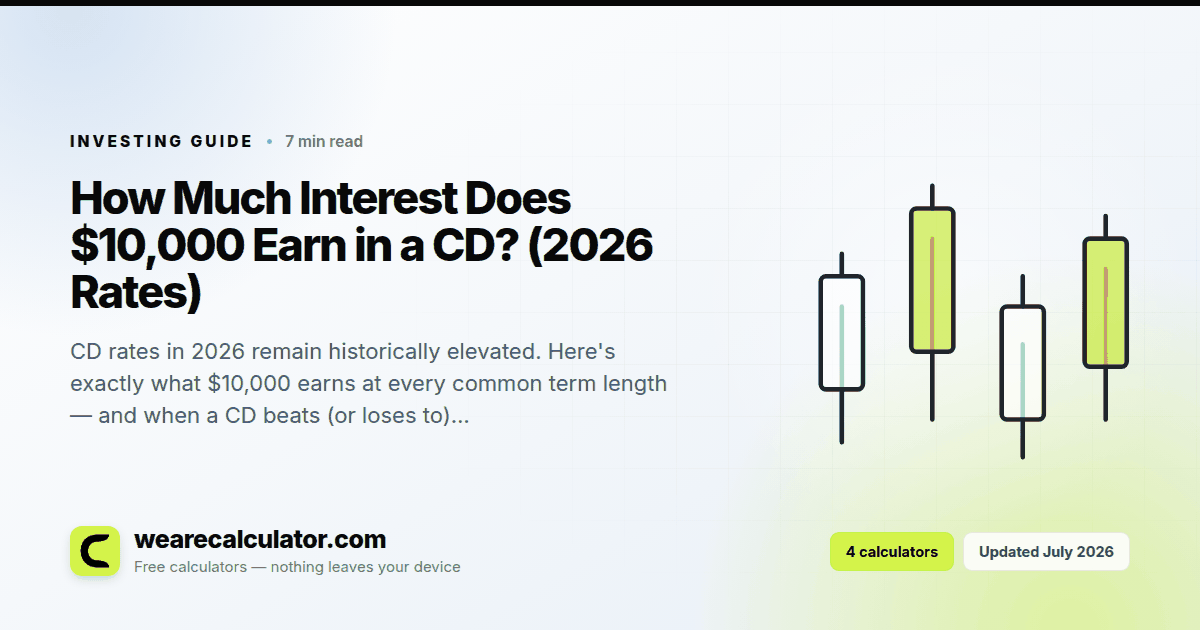 How Much Interest Does $10,000 Earn in a CD? (2026 Rates) — Investing guide from We Are Calculator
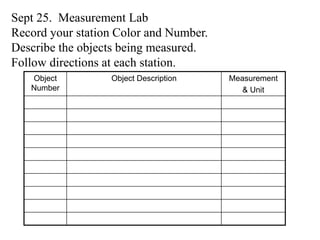 Sept 25. Measurement Lab 
Record your station Color and Number. 
Describe the objects being measured. 
Follow directions at each station. 
Object 
Number 
Object Description Measurement 
& Unit 
 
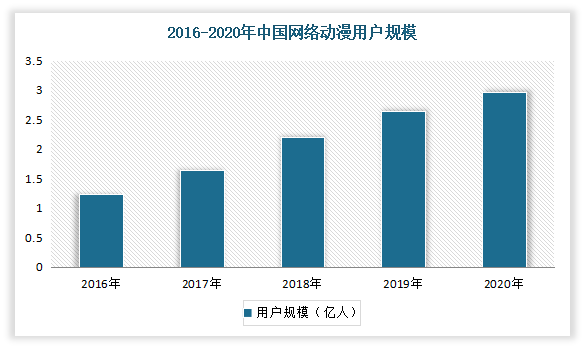 数据显示，2020年，中国网络动漫用户规模达到2.97亿人，同比增长11.7%，相比2016年增加160.53%，网民使用率达30%。其中57.6%的漫画用户年龄在24岁以下，“95"后、“00"后是漫画市场主要消费者，在线漫画市场用户呈现年轻化。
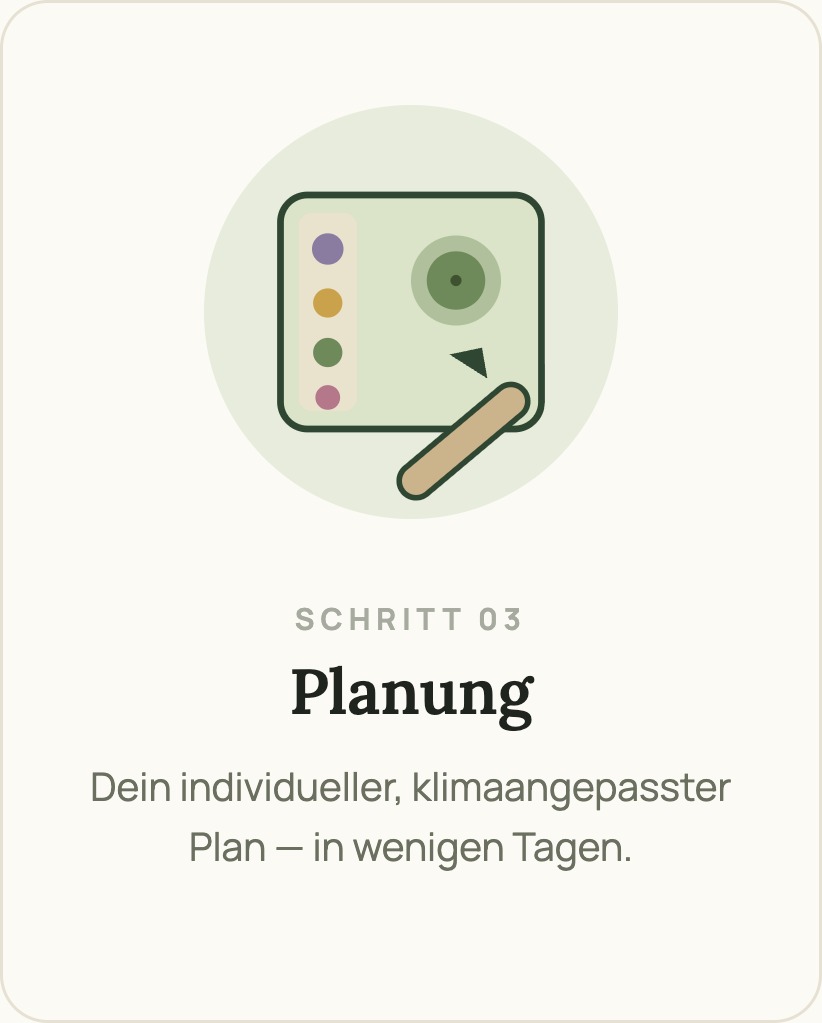 Schritt 3: Planung — individueller, klimaangepasster Plan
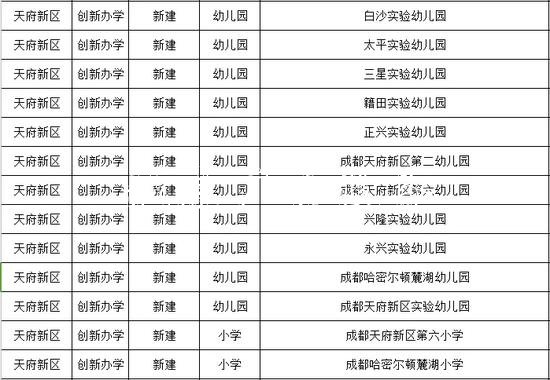 成都今秋投入使用15党建宣传栏6所幼儿园、中小学（名单）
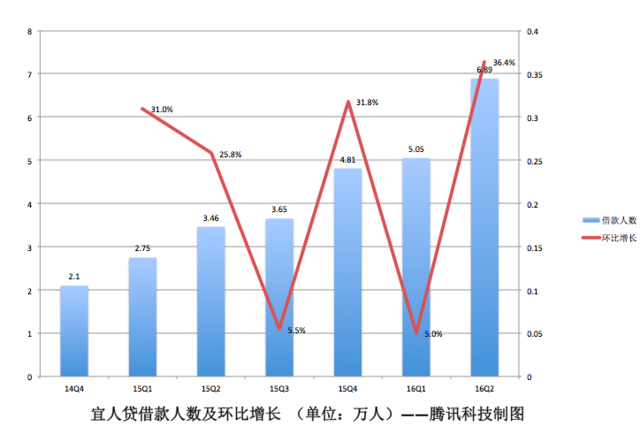 宜人贷Q2财报图解：营收净利大幅增长背后 坏账率也在一路飙升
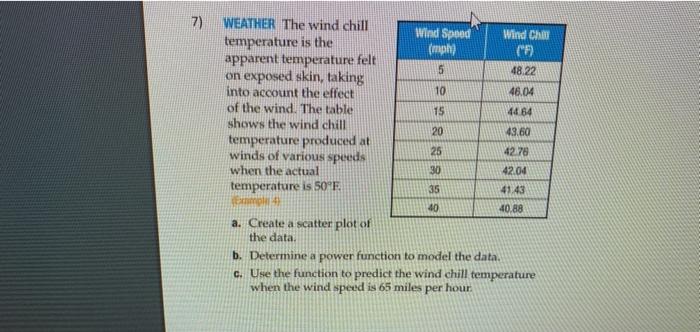 Solved 7) WEATHER The wind chill Wind Speed Wind Cher | Chegg.com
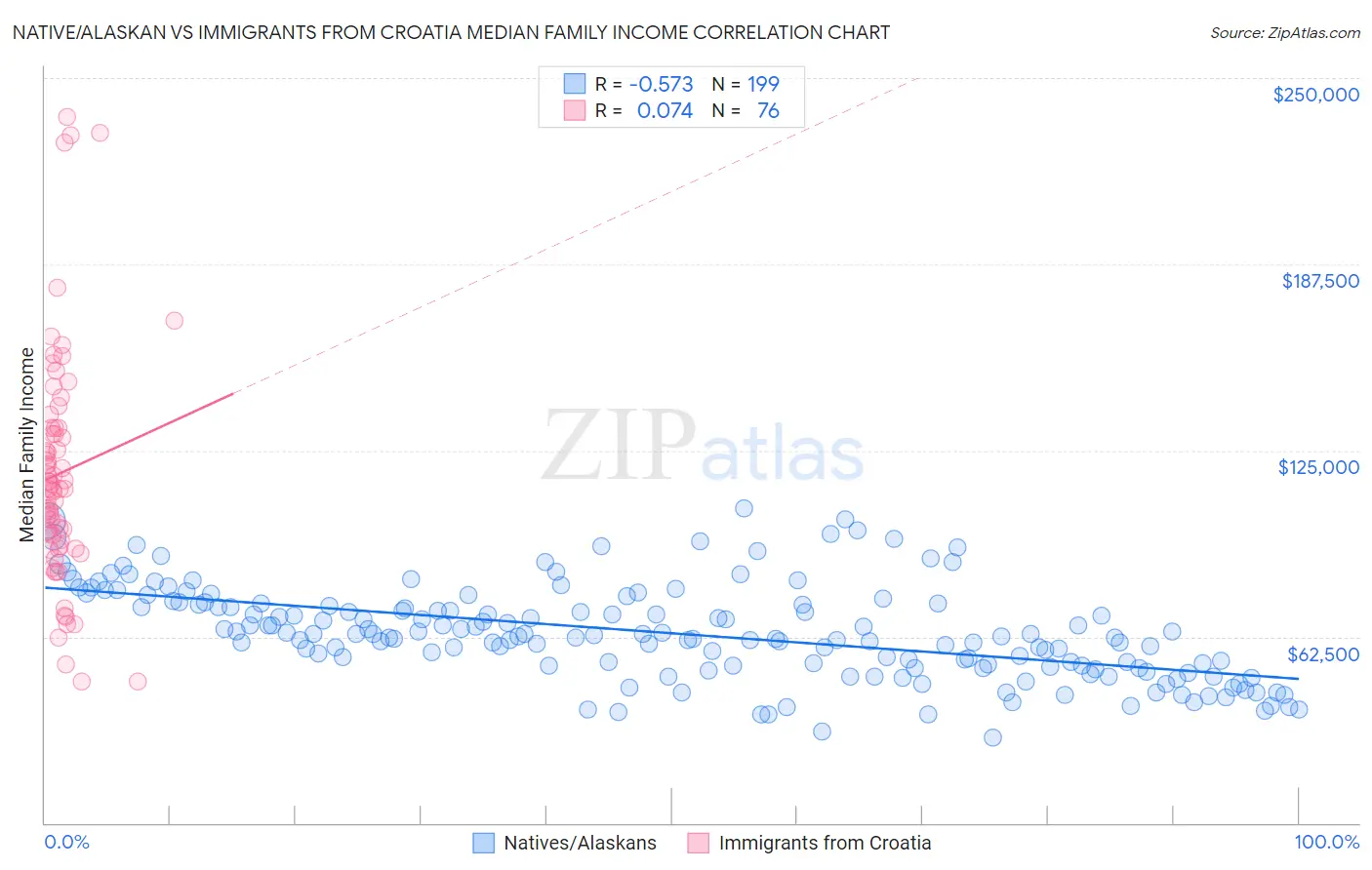 Native/Alaskan vs Immigrants from Croatia Median Family Income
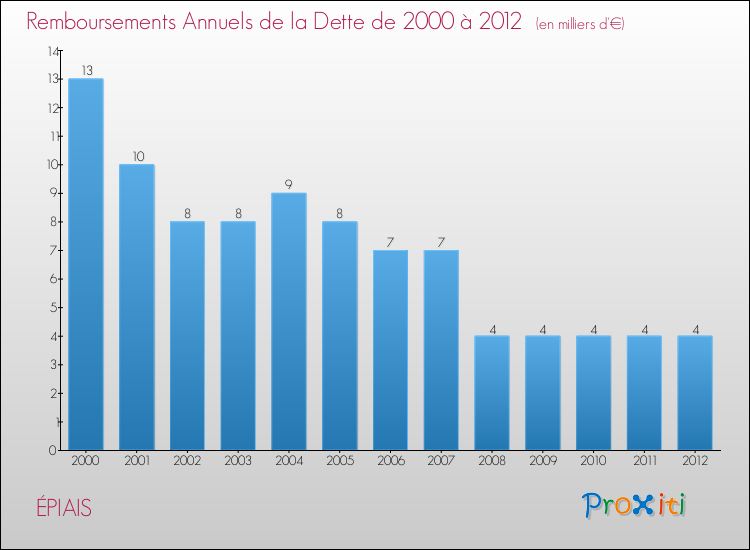 Evolution de l'annuité de la dette pour la commune de ÉPIAIS de 2000 à 2012 Annuités de la dette pour ÉPIAIS de 2000 à 2012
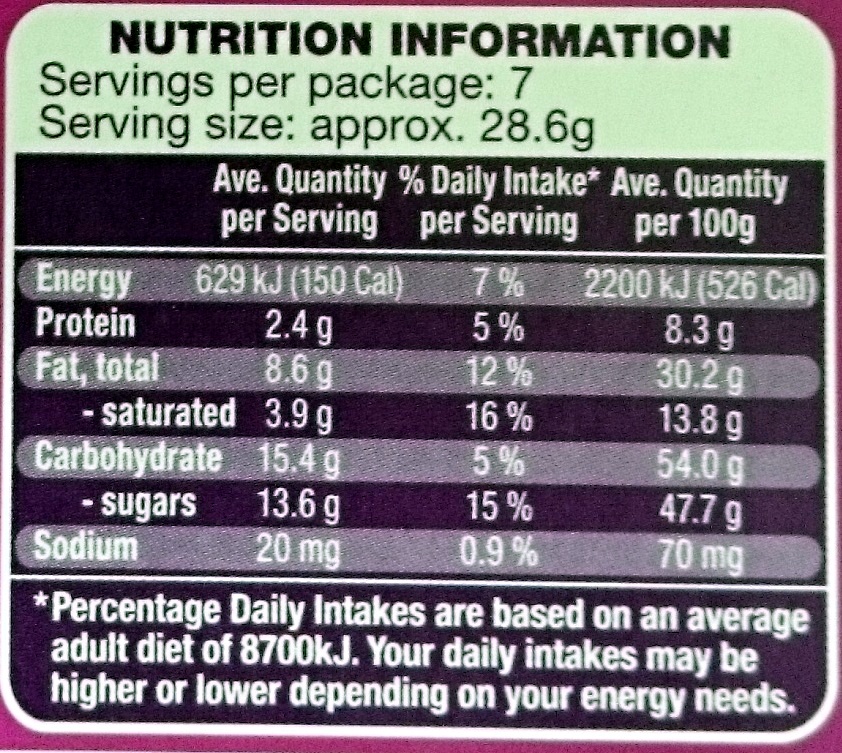 Choceur Fruit and Nut Chocolate - Nutrition facts - en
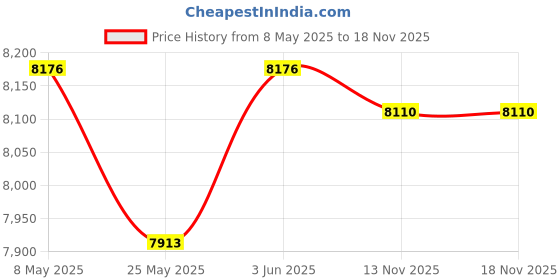 amazon.in CALANDIS™ Foldable Mini Washing Machine 10L Easy to Carry for Dorm Apartment Underwear Gray 40W - Washing Machines Price History Graph from 8 May 2025 to 15 Nov 2025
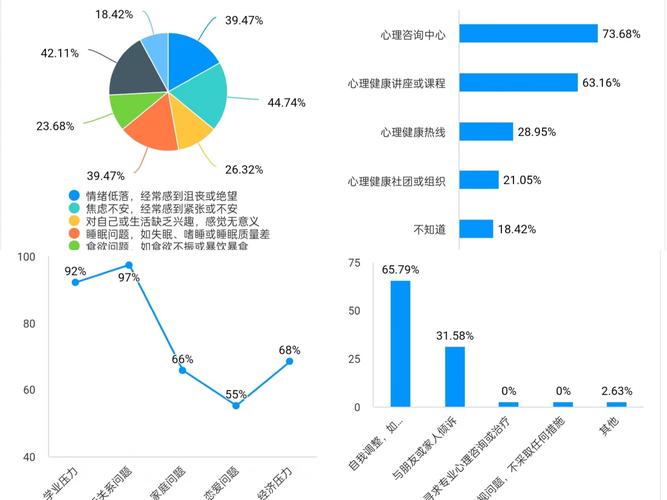 新时代大学生心理健康教育现状、挑战与优化路径探析-图1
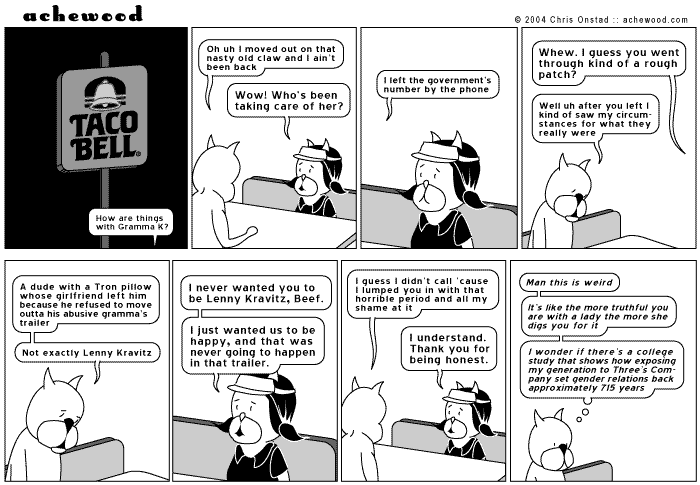 achewood December 6, 2004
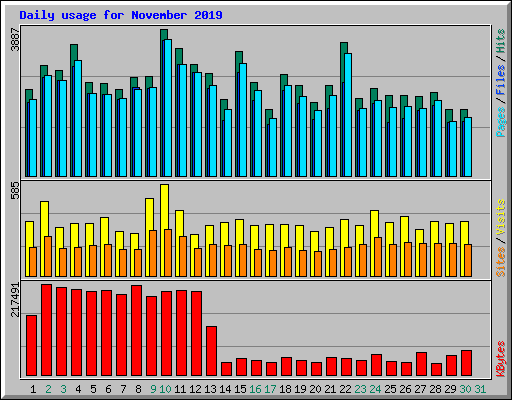 Daily usage for November 2019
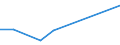 KN 84336010 /Exporte /Einheit = Preise (Euro/Bes. Maßeinheiten) /Partnerland: Arab.emirate /Meldeland: Eur27 /84336010:Eiersortiermaschinen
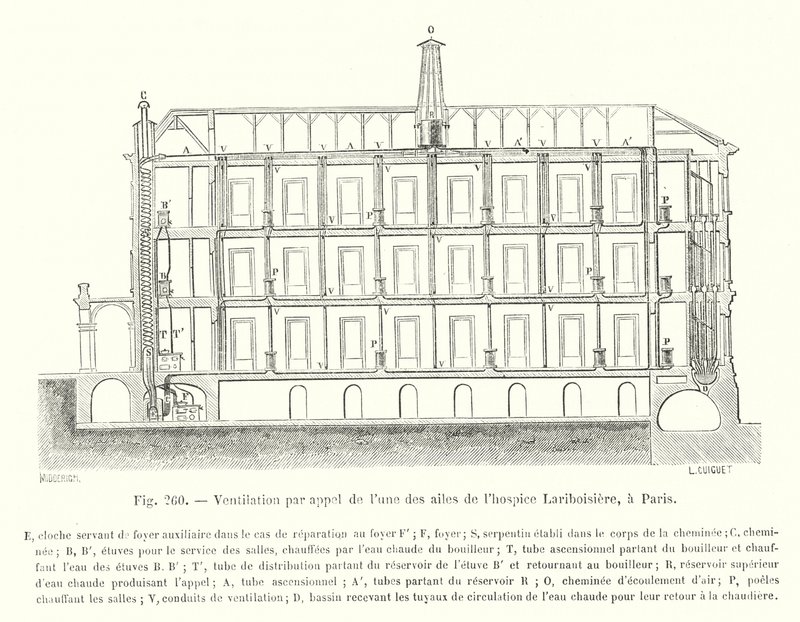 Belüftung durch einen Flügel des Lariboisiere-Hospizes in Paris (Stich) von European School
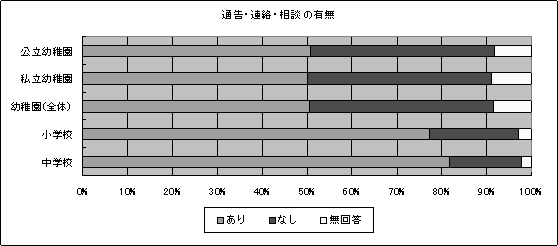 通告・連絡・相談の有無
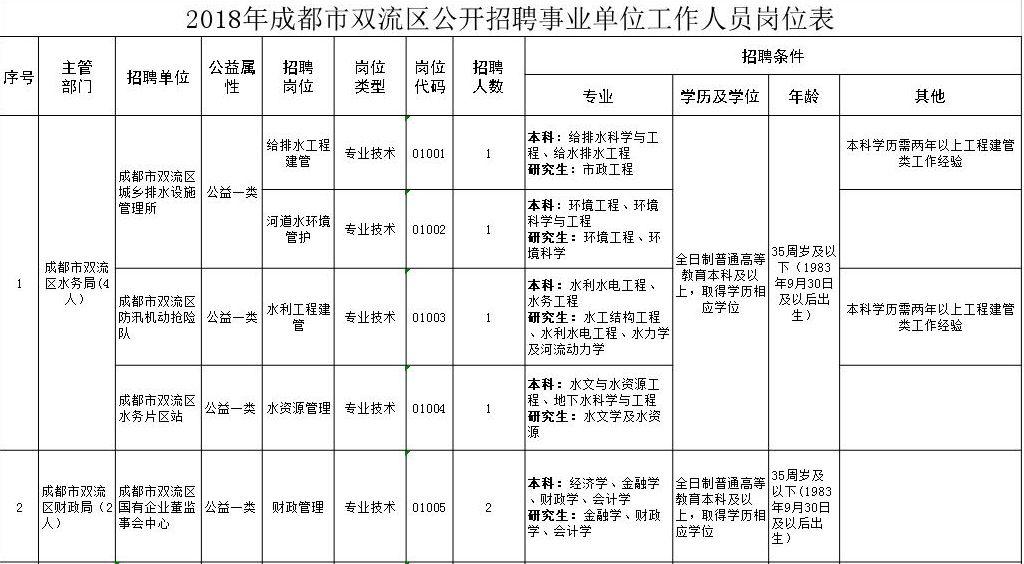 大邑县招聘信息发布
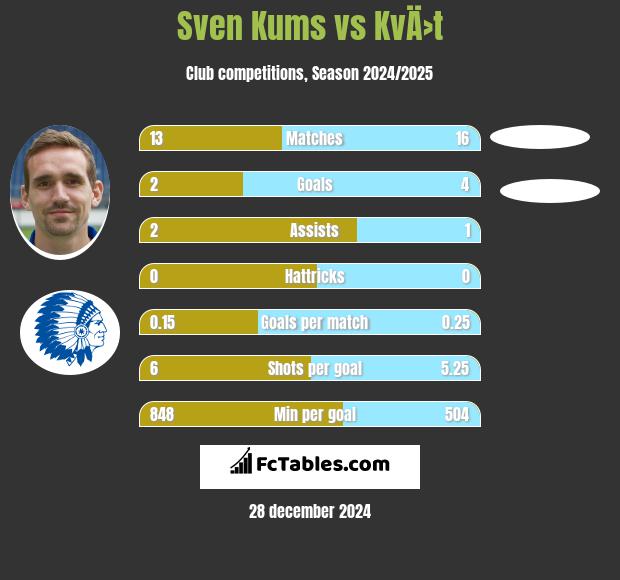 Sven Kums vs KvÄ›t h2h player stats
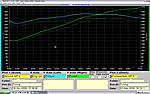 Greddy Twins vs. Vortech...my comparison-andyhptq_2.jpg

:: About this exercise ::
Repeat the listing above word for word, omitting the pictures.

:: Reply to the task ::
 How Much Interest Does $10,000 Earn in a CD? (2026 Rates) — Investing guide from We Are Calculator
 Sept 25. Measurement Lab 
Record your station Color and Number. 
Describe the objects being measured. 
Follow directions at each station. 
Object 
Number 
Object Description Measurement 
& Unit 
 
 数据显示，2020年，中国网络动漫用户规模达到2.97亿人，同比增长11.7%，相比2016年增加160.53%，网民使用率达30%。其中57.6%的漫画用户年龄在24岁以下，“95"后、“00"后是漫画市场主要消费者，在线漫画市场用户呈现年轻化。
 Schritt 3: Planung — individueller, klimaangepasster Plan
 成都今秋投入使用15党建宣传栏6所幼儿园、中小学（名单）
 宜人贷Q2财报图解：营收净利大幅增长背后 坏账率也在一路飙升
 Solved 7) WEATHER The wind chill Wind Speed Wind Cher | Chegg.com
 Native/Alaskan vs Immigrants from Croatia Median Family Income
 Evolution de l'annuité de la dette pour la commune de ÉPIAIS de 2000 à 2012 Annuités de la dette pour ÉPIAIS de 2000 à 2012
 Choceur Fruit and Nut Chocolate - Nutrition facts - en
 amazon.in CALANDIS™ Foldable Mini Washing Machine 10L Easy to Carry for Dorm Apartment Underwear Gray 40W - Washing Machines Price History Graph from 8 May 2025 to 15 Nov 2025
 新时代大学生心理健康教育现状、挑战与优化路径探析-图1
 achewood December 6, 2004
 Daily usage for November 2019
 KN 84336010 /Exporte /Einheit = Preise (Euro/Bes. Maßeinheiten) /Partnerland: Arab.emirate /Meldeland: Eur27 /84336010:Eiersortiermaschinen
 Belüftung durch einen Flügel des Lariboisiere-Hospizes in Paris (Stich) von European School
 通告・連絡・相談の有無
 大邑县招聘信息发布
 Sven Kums vs KvÄ›t h2h player stats
 Greddy Twins vs. Vortech...my comparison-andyhptq_2.jpg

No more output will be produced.